(SOURCE MATERIAL begins)
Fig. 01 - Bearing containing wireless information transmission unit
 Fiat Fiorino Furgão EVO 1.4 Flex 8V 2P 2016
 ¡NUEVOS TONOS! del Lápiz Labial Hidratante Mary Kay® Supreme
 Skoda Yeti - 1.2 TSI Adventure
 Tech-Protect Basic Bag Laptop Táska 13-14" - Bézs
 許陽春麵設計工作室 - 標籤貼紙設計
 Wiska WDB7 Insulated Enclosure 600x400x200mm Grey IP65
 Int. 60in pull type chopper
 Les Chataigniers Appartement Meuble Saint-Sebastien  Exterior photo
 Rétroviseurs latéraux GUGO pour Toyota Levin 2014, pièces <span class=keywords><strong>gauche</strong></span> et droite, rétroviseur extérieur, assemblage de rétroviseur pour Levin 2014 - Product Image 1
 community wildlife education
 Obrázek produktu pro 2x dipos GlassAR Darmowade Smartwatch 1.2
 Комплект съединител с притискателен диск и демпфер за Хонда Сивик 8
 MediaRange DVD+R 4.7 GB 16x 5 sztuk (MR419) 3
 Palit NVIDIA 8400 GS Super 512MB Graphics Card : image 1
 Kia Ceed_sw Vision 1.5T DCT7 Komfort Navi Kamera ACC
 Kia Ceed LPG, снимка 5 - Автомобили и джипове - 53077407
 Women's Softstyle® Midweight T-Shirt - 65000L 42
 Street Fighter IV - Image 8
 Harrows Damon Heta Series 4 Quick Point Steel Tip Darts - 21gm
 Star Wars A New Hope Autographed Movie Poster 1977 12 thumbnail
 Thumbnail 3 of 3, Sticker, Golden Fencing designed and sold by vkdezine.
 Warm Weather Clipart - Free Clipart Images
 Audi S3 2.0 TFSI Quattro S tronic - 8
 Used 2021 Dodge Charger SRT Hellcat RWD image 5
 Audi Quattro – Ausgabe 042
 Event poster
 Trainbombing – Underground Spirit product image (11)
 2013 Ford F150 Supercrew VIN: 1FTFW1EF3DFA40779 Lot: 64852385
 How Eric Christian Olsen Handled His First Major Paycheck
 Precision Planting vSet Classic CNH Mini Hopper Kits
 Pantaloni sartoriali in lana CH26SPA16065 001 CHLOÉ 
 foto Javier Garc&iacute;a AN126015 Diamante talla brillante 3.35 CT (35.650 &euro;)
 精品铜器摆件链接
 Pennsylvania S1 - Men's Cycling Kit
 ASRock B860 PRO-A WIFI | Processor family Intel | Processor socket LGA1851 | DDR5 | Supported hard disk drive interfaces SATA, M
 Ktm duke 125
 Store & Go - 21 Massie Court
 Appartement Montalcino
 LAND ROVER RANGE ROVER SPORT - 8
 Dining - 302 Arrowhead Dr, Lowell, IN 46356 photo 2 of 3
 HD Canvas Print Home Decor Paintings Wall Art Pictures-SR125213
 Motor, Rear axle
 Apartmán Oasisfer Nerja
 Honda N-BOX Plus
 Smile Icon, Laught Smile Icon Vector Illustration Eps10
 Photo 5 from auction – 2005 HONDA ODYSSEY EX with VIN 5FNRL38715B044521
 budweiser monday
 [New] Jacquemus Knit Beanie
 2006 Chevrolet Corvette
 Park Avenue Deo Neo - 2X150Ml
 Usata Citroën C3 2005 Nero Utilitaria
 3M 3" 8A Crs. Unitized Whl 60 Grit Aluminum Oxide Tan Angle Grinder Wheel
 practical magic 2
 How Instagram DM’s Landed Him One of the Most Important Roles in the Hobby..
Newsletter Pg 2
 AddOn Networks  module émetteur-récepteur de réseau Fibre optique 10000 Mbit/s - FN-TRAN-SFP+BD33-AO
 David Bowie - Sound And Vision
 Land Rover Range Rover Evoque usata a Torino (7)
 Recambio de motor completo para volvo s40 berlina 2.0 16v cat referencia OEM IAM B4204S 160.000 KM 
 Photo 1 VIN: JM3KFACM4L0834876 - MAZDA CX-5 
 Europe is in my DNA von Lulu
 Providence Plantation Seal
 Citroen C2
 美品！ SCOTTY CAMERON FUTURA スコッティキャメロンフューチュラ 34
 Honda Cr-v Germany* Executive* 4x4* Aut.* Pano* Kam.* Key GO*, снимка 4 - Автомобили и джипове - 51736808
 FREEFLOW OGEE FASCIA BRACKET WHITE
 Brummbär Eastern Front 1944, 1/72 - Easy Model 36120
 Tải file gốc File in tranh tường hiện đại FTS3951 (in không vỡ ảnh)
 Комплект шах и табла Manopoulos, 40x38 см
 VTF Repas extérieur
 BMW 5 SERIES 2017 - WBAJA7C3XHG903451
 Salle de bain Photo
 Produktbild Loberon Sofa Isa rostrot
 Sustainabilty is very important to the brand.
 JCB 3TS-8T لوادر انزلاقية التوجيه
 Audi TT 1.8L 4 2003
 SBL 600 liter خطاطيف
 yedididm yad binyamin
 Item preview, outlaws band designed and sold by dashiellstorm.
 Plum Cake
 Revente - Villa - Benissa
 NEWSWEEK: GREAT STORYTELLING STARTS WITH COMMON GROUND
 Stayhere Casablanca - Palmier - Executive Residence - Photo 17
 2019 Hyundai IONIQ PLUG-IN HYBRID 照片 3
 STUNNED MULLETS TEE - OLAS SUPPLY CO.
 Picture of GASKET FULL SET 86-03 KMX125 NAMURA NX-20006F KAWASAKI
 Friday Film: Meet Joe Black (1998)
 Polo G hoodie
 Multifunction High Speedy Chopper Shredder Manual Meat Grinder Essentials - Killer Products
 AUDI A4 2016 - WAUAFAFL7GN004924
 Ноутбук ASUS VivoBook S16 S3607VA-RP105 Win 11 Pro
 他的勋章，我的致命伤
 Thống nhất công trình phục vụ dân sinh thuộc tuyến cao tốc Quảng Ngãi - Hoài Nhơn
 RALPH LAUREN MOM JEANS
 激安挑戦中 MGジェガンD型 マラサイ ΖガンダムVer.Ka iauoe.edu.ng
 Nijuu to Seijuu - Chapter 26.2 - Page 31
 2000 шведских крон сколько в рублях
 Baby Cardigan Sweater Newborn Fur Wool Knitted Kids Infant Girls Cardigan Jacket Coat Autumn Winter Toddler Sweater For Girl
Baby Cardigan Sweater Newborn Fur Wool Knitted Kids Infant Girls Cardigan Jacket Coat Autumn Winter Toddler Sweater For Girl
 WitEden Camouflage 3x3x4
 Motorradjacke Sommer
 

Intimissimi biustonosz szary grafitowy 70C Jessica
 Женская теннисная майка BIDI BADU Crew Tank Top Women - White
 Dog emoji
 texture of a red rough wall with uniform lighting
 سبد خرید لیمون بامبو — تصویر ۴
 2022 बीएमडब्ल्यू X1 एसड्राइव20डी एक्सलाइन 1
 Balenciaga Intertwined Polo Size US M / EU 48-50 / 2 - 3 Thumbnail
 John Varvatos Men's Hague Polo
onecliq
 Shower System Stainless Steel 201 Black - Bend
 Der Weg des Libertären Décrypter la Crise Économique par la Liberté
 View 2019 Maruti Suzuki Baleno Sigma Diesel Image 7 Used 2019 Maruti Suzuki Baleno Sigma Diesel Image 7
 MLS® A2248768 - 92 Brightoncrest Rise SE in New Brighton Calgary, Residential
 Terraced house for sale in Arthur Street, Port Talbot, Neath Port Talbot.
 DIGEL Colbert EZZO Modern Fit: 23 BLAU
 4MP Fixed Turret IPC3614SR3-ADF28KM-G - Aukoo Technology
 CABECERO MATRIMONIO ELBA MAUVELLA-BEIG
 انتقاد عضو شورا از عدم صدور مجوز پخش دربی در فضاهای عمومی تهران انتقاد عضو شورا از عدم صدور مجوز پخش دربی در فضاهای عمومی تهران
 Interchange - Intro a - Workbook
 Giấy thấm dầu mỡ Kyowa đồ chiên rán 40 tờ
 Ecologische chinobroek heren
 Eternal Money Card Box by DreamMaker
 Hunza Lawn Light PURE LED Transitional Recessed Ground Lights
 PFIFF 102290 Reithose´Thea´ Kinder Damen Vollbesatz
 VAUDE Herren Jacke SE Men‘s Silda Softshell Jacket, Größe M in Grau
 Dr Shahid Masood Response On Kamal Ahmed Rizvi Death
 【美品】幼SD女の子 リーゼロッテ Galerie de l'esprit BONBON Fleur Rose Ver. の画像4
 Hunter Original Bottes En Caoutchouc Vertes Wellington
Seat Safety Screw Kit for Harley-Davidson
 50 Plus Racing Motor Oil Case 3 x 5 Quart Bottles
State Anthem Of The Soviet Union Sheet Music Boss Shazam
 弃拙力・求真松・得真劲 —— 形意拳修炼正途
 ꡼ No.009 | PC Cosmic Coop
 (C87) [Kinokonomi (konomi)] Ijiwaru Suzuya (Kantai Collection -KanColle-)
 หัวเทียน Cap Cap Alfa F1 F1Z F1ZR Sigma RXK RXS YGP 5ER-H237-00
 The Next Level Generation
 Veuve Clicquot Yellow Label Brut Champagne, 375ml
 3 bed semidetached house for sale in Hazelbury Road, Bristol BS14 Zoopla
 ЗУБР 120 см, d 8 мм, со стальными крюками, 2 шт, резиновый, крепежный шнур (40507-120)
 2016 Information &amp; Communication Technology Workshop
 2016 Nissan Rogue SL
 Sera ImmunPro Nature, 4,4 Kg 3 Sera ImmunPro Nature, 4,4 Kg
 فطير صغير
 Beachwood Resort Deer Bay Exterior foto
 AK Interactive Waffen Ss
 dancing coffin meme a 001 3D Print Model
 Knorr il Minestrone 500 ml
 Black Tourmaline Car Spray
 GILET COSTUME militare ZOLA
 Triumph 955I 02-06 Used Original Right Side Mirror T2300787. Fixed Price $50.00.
(SOURCE MATERIAL ends)
* [REQUIREMENT] Using the entries shown above, reproduce verbatim the lines from the line bearing "Eternal Money Card Box by DreamMaker" to the line bearing "AK Interactive Waffen Ss", inclusive.

* [ANSWER]
 Eternal Money Card Box by DreamMaker
 Hunza Lawn Light PURE LED Transitional Recessed Ground Lights
 PFIFF 102290 Reithose´Thea´ Kinder Damen Vollbesatz
 VAUDE Herren Jacke SE Men‘s Silda Softshell Jacket, Größe M in Grau
 Dr Shahid Masood Response On Kamal Ahmed Rizvi Death
 【美品】幼SD女の子 リーゼロッテ Galerie de l'esprit BONBON Fleur Rose Ver. の画像4
 Hunter Original Bottes En Caoutchouc Vertes Wellington
Seat Safety Screw Kit for Harley-Davidson
 50 Plus Racing Motor Oil Case 3 x 5 Quart Bottles
State Anthem Of The Soviet Union Sheet Music Boss Shazam
 弃拙力・求真松・得真劲 —— 形意拳修炼正途
 ꡼ No.009 | PC Cosmic Coop
 (C87) [Kinokonomi (konomi)] Ijiwaru Suzuya (Kantai Collection -KanColle-)
 หัวเทียน Cap Cap Alfa F1 F1Z F1ZR Sigma RXK RXS YGP 5ER-H237-00
 The Next Level Generation
 Veuve Clicquot Yellow Label Brut Champagne, 375ml
 3 bed semidetached house for sale in Hazelbury Road, Bristol BS14 Zoopla
 ЗУБР 120 см, d 8 мм, со стальными крюками, 2 шт, резиновый, крепежный шнур (40507-120)
 2016 Information &amp; Communication Technology Workshop
 2016 Nissan Rogue SL
 Sera ImmunPro Nature, 4,4 Kg 3 Sera ImmunPro Nature, 4,4 Kg
 فطير صغير
 Beachwood Resort Deer Bay Exterior foto
 AK Interactive Waffen Ss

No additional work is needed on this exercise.